Rethinking Graph Masked Autoencoders through Alignment and Uniformity
This work addresses a theoretical gap in graph self-supervised learning for researchers, offering an incremental improvement by enhancing GraphMAE based on alignment-uniformity principles.
The paper tackles the lack of theoretical understanding of Graph Masked Autoencoders (GraphMAE) by proving that its reconstruction objective implicitly performs graph contrastive learning, and identifies limitations in alignment and uniformity. It proposes AUG-MAE with an adversarial masking strategy and uniformity regularizer, achieving superior results on benchmark datasets.

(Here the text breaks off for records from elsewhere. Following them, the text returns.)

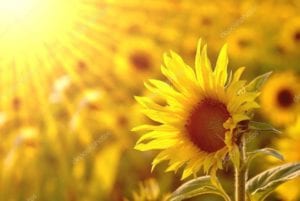 Clinton-Utah-Rehab-Recovery-sunflower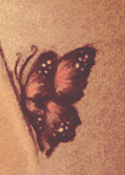 rozowy-motyl-blog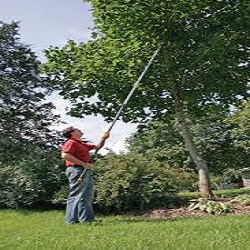 Long Handle Tree Pruner Hire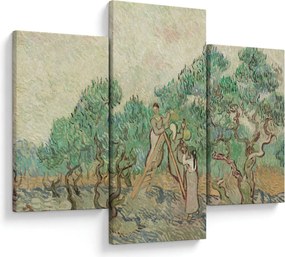 Obraz - Vincent van Gogh, The Olive Orchard, reprodukcia (90x60 cm)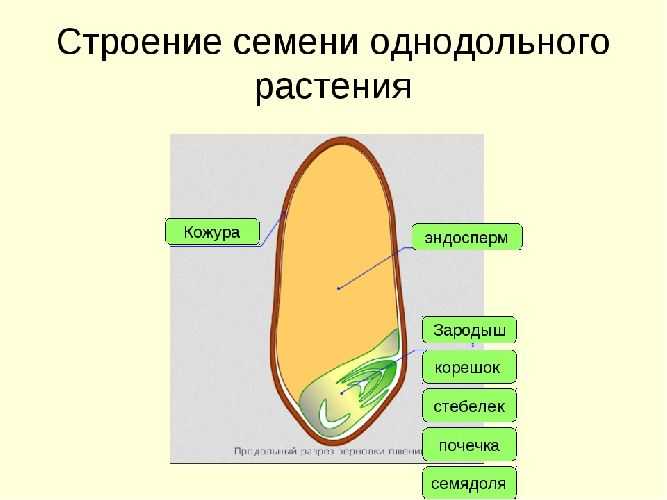 Что такое алейроновый слой семян?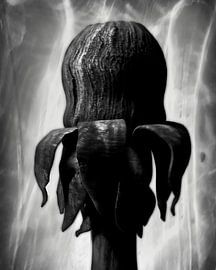 Dense Dandelion by GoStijn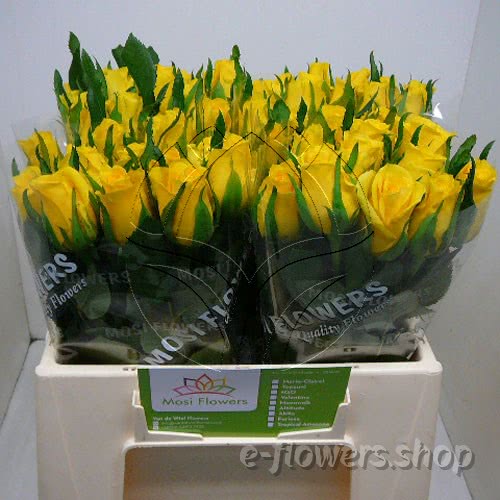 Buy wholesale fresh cut yellow roses; Moonwalk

Self-supervised learning on graphs can be bifurcated into contrastive and generative methods. Contrastive methods, also known as graph contrastive learning (GCL), have dominated graph self-supervised learning in the past few years, but the recent advent of graph masked autoencoder (GraphMAE) rekindles the momentum behind generative methods. Despite the empirical success of GraphMAE, there is still a dearth of theoretical understanding regarding its efficacy. Moreover, while both generative and contrastive methods have been shown to be effective, their connections and differences have yet to be thoroughly investigated. Therefore, we theoretically build a bridge between GraphMAE and GCL, and prove that the node-level reconstruction objective in GraphMAE implicitly performs context-level GCL. Based on our theoretical analysis, we further identify the limitations of the GraphMAE from the perspectives of alignment and uniformity, which have been considered as two key properties of high-quality representations in GCL. We point out that GraphMAE's alignment performance is restricted by the masking strategy, and the uniformity is not strictly guaranteed. To remedy the aforementioned limitations, we propose an Alignment-Uniformity enhanced Graph Masked AutoEncoder, named AUG-MAE. Specifically, we propose an easy-to-hard adversarial masking strategy to provide hard-to-align samples, which improves the alignment performance. Meanwhile, we introduce an explicit uniformity regularizer to ensure the uniformity of the learned representations. Experimental results on benchmark datasets demonstrate the superiority of our model over existing state-of-the-art methods.